No era claro en ese momento que Trump llegaría hasta donde está hoy; de hecho, muchos no le auguraban más que un corto tiempo en la campaña, asegurando que el discurso antiinmigrante, xenófobo y racista que impulsaba no tenía ya lugar en el Estados Unidos del Siglo XXI.
Cuán equivocados estaban: no es posible saber si el magnate hubiese tenido tanto éxito de haber utilizado a una comunidad distinta de la mexicana para descargar sus anquilosados prejuicios, pero el eco que aún resuena en todo el país a un año de iniciada su campaña hace concluir que el racismo, particularmente en contra de los mexicanos, sigue siendo un capítulo inacabado en la historia de esta nación.
Pero Trump tenía perfectamente calculado a quién atacar, a sabiendas de que a pesar de la controversia que desatara, levantaría los ánimos en su favor del ala más extrema del nativismo estadounidense.
Sí, esa que ha convertido en tradición atacar al “vecino incómodo”, a ese “vecino distante” al que considera indeseable porque no se le parece, no habla igual y por lo tanto no le gusta y no lo quiere cerca. Fue esa la actitud que se asumió para justificar las deportaciones masivas de mexicanos en la primera mitad del siglo pasado.
Esos mismos extremistas que nunca han tenido la delicadeza de repasar un poco de su propia historia reciente para darse cuenta que un hijo de inmigrantes campesinos mexicanos ya llegó al espacio; que un antiguo indocumentado que fue trabajador agrícola ahora es uno de los más respetados neurocirujanos del país (de cuya vida pronto harán una película); que Hollywood celebra la presencia de cineastas de origen mexicano que ganan premios Oscar; que la industria del entretenimiento en español produce millones de dólares en ganancias y da empleo a miles de personas; que el guacamole hecho con aguacates de Michoacán tiene tanto éxito como un touchdowndurante el Super Bowl; que de los más de 50 millones de latinos que viven en Estados Unidos, la mayoría es de ascendencia mexicana; que en las guerras de este país también ha corrido sangre, mucha sangre, de esta comunidad…
Cierto que sus ataques después se enfocaron en otros grupos, particularmente la comunidad musulmana, en las mujeres, en los discapacitados, en los periodistas; pero cada vez que vuelve al tema mexicano –asegurando falsamente que “él ama a los mexicanos” y que “los mexicanos lo aman a él”–, Trump se regodea como aquel acosador que tiene azorada a su víctima y la tunde a golpes e insultos porque la sabe vulnerable y porque detrás de él, del instigador de la violencia, hay miles que lo respaldan y harían gustosos el trabajo por él si lo ordenara.

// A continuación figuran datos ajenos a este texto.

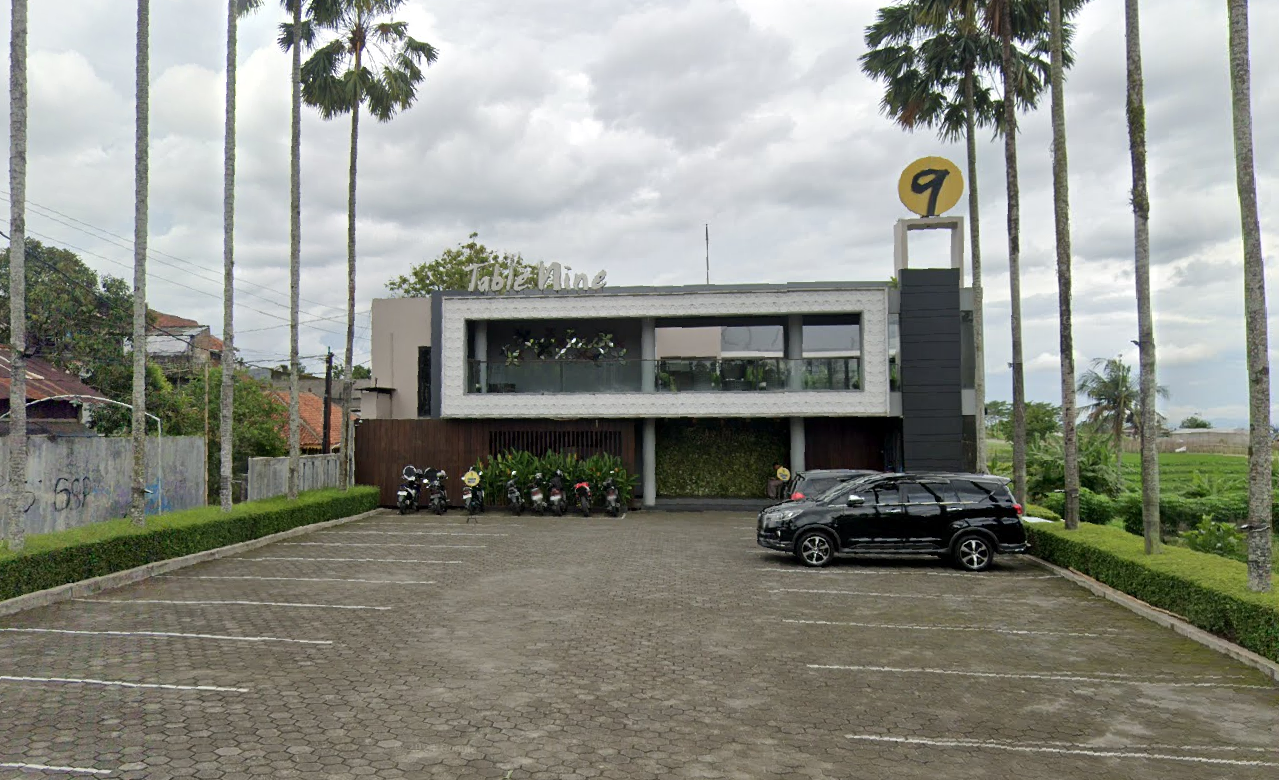 Table Nine Kitchen Resto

De ahí que se envalentonara para, por ejemplo, cuestionar al juez Gonzalo Curiel por ser “mexicano”, dado que está a cargo del caso de fraude de la Universidad Trump, cuando en realidad es un estadounidense nacido en Indiana, de padres inmigrantes mexicanos.
Por todo eso y más, hay evidentemente una cuenta pendiente entre Donald Trump y los mexicanos, porque con sus insultos y ataques convirtió en algo personal esta nueva campaña de rechazo, de ninguneo y de ofensa.
De tal modo que, sin cortesía alguna porque no se la merece, por lo pronto se ha ganado el rechazo de esta comunidad, que lo identifica evidentemente como lo que es: un racista, un xenófobo y un sociópata peligroso que ya no cabe en un país como el que aspira ser Estados Unidos y, en general, el mundo contemporáneo.
Las cuentas pendientes en algún momento se pagan. Trump lo sabe, y noviembre sería un buen mes para comprobarlo.